Why I don't mind not being in Wikipedia

by Peter Rojas

Fred Wilson's talking this week about how a Wikipedia entry about him was deleted for "non-notability". Well, Fred, join the club -- I was deleted from Wikipedia too, and to be honest, I don't mind. Sure, I was a little perplexed when I was voted out by a group of random Wikipedia users, but on the whole I don't mind. Don't get me wrong. I love Wikipedia, it's an amazing resource that I use daily, but as the site has grown it seems like it's also become a place where the disgruntled go to air petty grievances and settle scores. Just check out the pitched battle over Xeni Jardin's entry. It's great that there are people who want to fact-check her entry and make sure it has a Neutral Point of View, but it's obvious that there are a few individuals who simply don't like Xeni and want to make sure that her Wikipedia entry is as negative as possible. After seeing what Xeni's gone through, I don't mind that there isn't a place where people can talk smack about me and pass it off as authoritative and neutral.

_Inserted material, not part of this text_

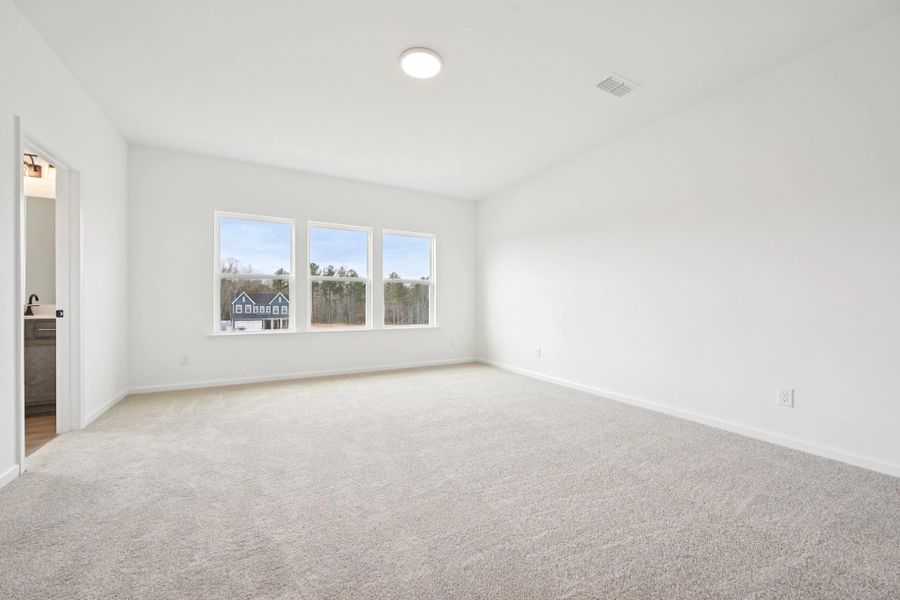 Primary Bedroom featuring AW Collection® Oxford - Calming flow with grounded sophistication. Primary Bedroom featuring AW Collection® Oxford - Calming flow with grounded sophistication.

Wikipedia's team of volunteer editors do a generally good job of eliminating this kind of stuff and keeping the site clean of vandalism, but the trolls who want to ruin Wikipedia are highly motivated to keep on trying because of the site's status as an authoritative reference (if the information contained within Wikipedia weren't generally considered to be reliable and accurate then it wouldn't be so popular). It's this status which makes getting an attack into an entry irresistable to these people. Why flame someone on a mere message board when you can get your attack stamped with the authority of the "web's encyclopedia"?

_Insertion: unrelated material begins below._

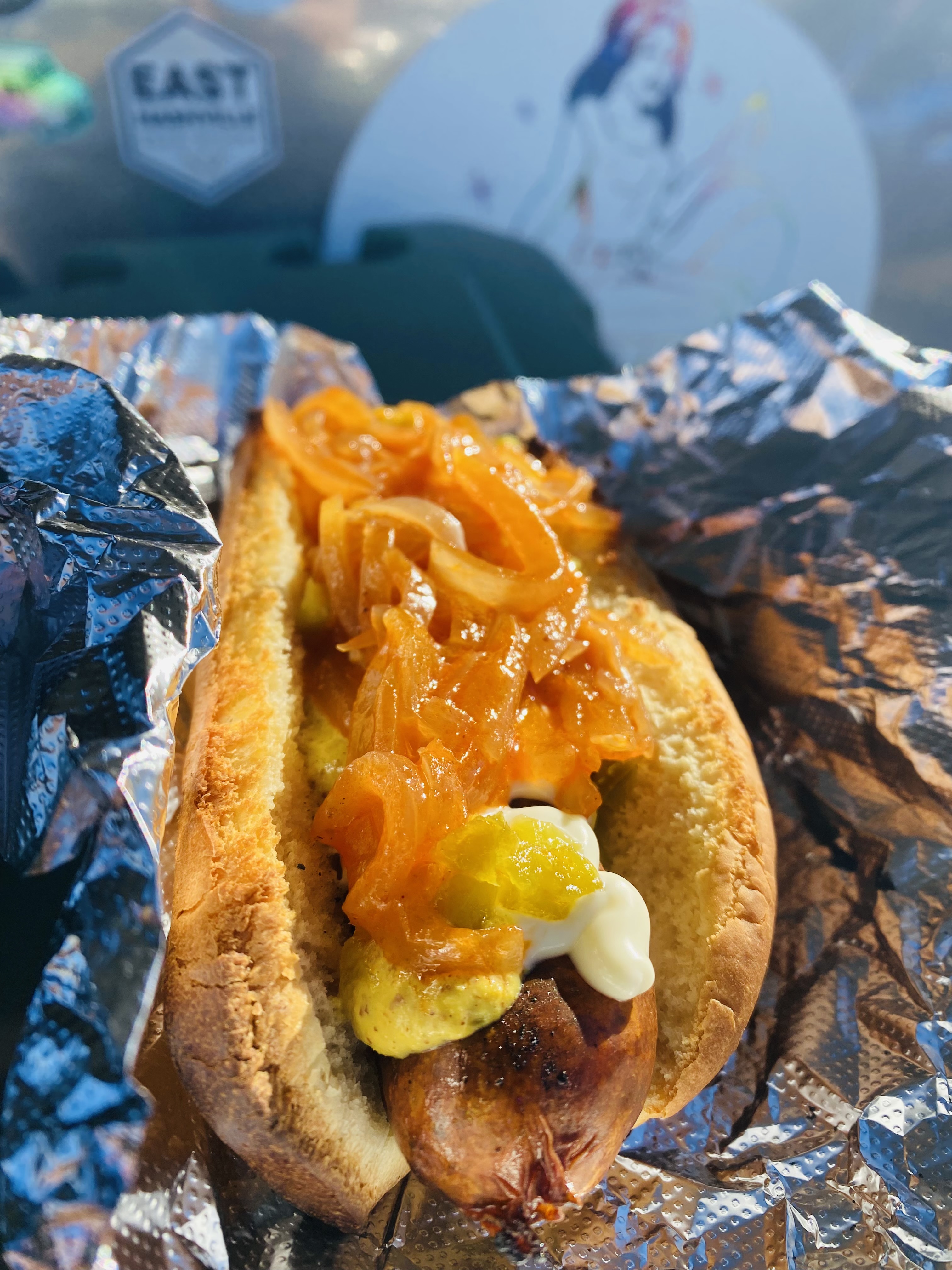 A loaded LadyDawgs hot dog with caramelized onions at an East Nashville event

The editors of the site know there's a problem and have been working to give some entries a "semi-protected" status that makes them more impervious to trollish behavior. However protecting every entry defeats the point of an open system, and so even though there are no technological limits to how much information the site can contain, there are other barriers, like how many trusted volunteers are available to patrol the site. Wikipedia's response to this barrier has been to create an artificial limit to what can be added to the site; that limit is called "notability". It's their way of keeping on top of things.

What I think Fred finds frustrating is that there appear to be no standards for notability. A couple of other Fred Wilsons who seem less notable than Fred Wilson (the blogging VC) have survived scrutiny. I was deleted, but an entry on Ryan Block, Engadget's managing editor, has so far escaped elimination. The point isn't that Ryan or these other Fred Wilsons are or are not notable, it's that the standards are inconsistent. Of course, any system that relies on a vote of whoever just happens to be paying attention that day is bound to be inconsistent.

At the end of the day being in Wikipedia isn't all that important anyway. It's a nice ego boost (not that my overinflated ego needs any encouragement), but if you're truly notable what matters is the recognition of your peers, not an entry on some website somewhere. I can live without being in Wikipedia.

UPDATE: Apparently someone who reads this blog thought it'd be funny to create a new Wikipedia entry for me. I wasn't kidding about not wanting to be in Wikipedia, so hopefully the editors will delete this attempt to reinstate me. It's not like I've suddenly become more notable or anything.